AF onset is dependent on substrate vulnerability and triggers, as described by Heijman et al [36]. Within the present study vulnerability and triggers are combined in to a single factor—activation rate. Activation rate is then dependent on a constant genetic predisposition, time-varying age/co-morbidity-related remodelling, AF-induced remodelling dependent on AF history and trigger events. Physiological changes may increase both the rate of a trigger event occurring and likelihood of AF episode initiation following a trigger event. Over time, some patients progress on to paroxysmal, persistent and permanent AF as their substrate vulnerability and frequency of trigger events increases. Note the timescale for AF triggers and episodes is distinct from the lower axis and is expanded for clarity.
Fig 2
Fig 2. Illustration of the main mechanics of the model.
(a) Main elements governing the switching process between sinus rhythm and AF. (b) Time courses of activation rate and recovery rate during AF episodes and in sinus rhythm. activation rate of AF due to ageing, Aage, increases according to a sigmoid function, and age-based recovery rate Rage decreases exponentially. A healthy patient triggers an AF episode with rate A(t) and terminates an AF episode with rate R(t). In AF, episode-based remodelling Aepi transiently increases activation rate at a rate α and decreases the total recovery rate R at rate μ. When an episode terminates, the recovery rate ‘boosts’ above baseline by a factor of B. Back in sinus rhythm, Aepi decays to zero with rate β and Repi decays with rate ν back to the age-based baseline Rage.
Fig 3
Fig 3. Time series of AF progression.
A sample path is visualized by the red line, and from top to bottom: (a) Binary signal whether the patient is in an AF episode, (b) the fraction of the time in AF episodes per day, (c) the fraction of the time in AF episode per week, (d) the fraction of the time in AF episode per month.

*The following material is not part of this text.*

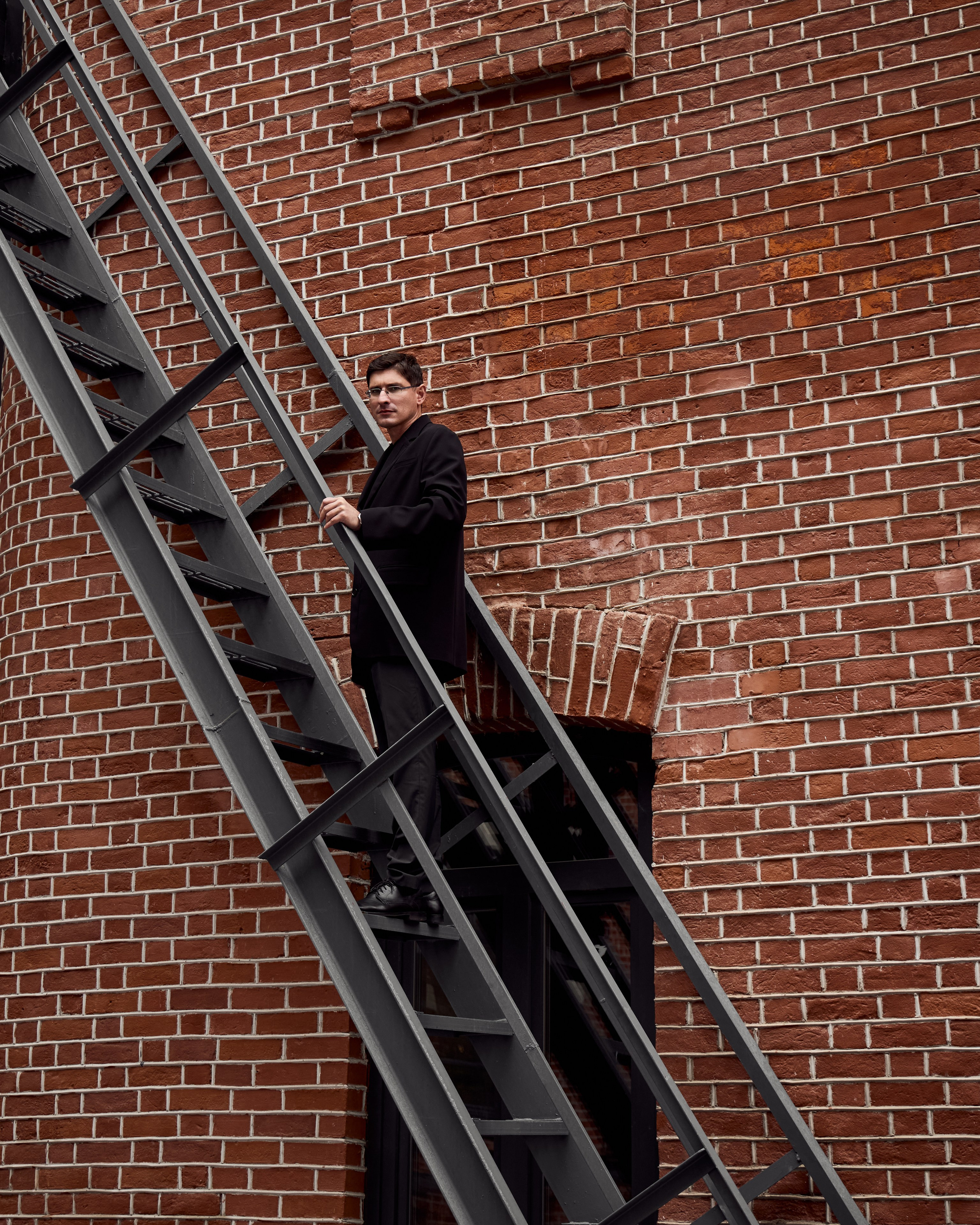 Андрей Саносян. Октябрь'25. Журнал Собака.ru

In (b-d) 9 other sample paths are plotted in grey lines in order to illustrate the distribution induced by intrinsic stochasticity. Inset: the progression of AF episode frequency and duration at time points in the simulation.
Fig 4
Fig 4. Distributions of age at which paroxysmal AF sets it (panel (a)), age at which permanent AF sets in (panel (b)), and the time elapsed between these two events (panel (c)).

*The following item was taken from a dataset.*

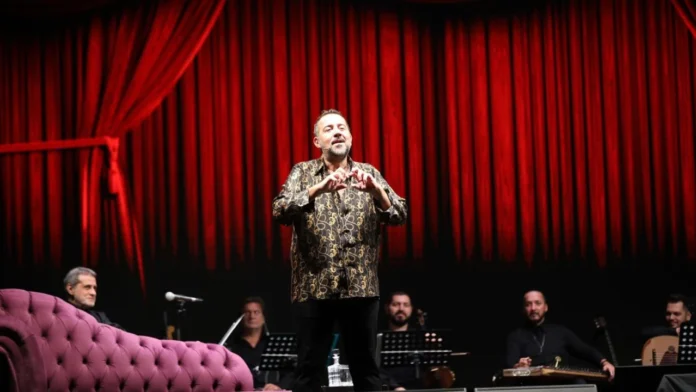 “Ata Demirer Gazinosu” ile MOE Açık Hava Sahnesi’nde nostalji rüzgarları esti…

Data were generated from 5000 independent simulation runs of the model.
Fig 5
Fig 5. Left: Top panel shows annual AF burden (left) and number of episodes (right) after patient has entered paroxysmal AF.

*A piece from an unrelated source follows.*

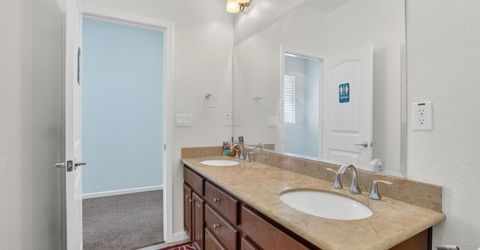 7434 Thorndale Way, Sacramento, CA 95829 Photo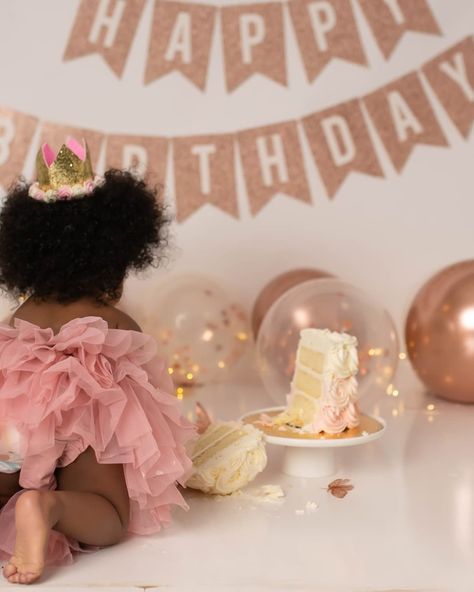 Baby Girls Photoshooting Ideas, 1st Birthday Photoshoot With Parents, Baby Girl Photoshooting, 1st Birthday Photo Shoot Ideas, Babyshoot Ideas, Girl Photoshooting, Halo Photography, Monthly Photoshoot, Mommy Daughter Photoshoot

Horizontal axis indicates time elapsed since onset of paroxysmal AF. The mean of 5000 simulation runs is indicated as solid line, grey area shows the standard deviation. Smaller panels show distribution of burdens (left) and numbers of episodes (right) across the patient population at the indicated points in time (years after onset of paroxysmal AF) in a moving window of 12-months duration.
Fig 6
Fig 6. Burden (left) and number of episodes (right) before patient goes into permanent AF.
In both panels we present the mean of the random variables (solid black) and mean ± 1 standard deviation (grey area) at the top, and at the bottom we measure the distributions of the random variables at 15 sampled time t = [21, 19, 17, 16, 15, 14, 13, 12, 10, 8, 7, 6, 5, 3, 1] years before the permanent episode.
Fig 7
Fig 7. Effects of changing parameters on outputs.
The top graphs represent the average over 100 sample paths of (a) the annual AF burden versus absolute age up to a notional age of 100 years, and (b) number of episodes versus episode duration over the absolute age 60–65. (c) is a visualisation of a single sample path from each parameter variant over the same 60–65 period a (b). Additional sample paths are listed in Supporting Information (S3 Fig).